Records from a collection
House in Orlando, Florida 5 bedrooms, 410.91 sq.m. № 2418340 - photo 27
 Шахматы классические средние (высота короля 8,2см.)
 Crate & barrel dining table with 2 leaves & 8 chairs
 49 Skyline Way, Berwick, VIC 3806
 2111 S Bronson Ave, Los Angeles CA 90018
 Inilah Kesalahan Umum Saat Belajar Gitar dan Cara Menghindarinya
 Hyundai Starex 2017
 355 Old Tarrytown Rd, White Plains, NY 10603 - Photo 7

→ WORK REQUEST
Retype the entries. Every line must match exactly.

→ SOLUTION TO THIS TASK
House in Orlando, Florida 5 bedrooms, 410.91 sq.m. № 2418340 - photo 27
 Шахматы классические средние (высота короля 8,2см.)
 Crate & barrel dining table with 2 leaves & 8 chairs
 49 Skyline Way, Berwick, VIC 3806
 2111 S Bronson Ave, Los Angeles CA 90018
 Inilah Kesalahan Umum Saat Belajar Gitar dan Cara Menghindarinya
 Hyundai Starex 2017
 355 Old Tarrytown Rd, White Plains, NY 10603 - Photo 7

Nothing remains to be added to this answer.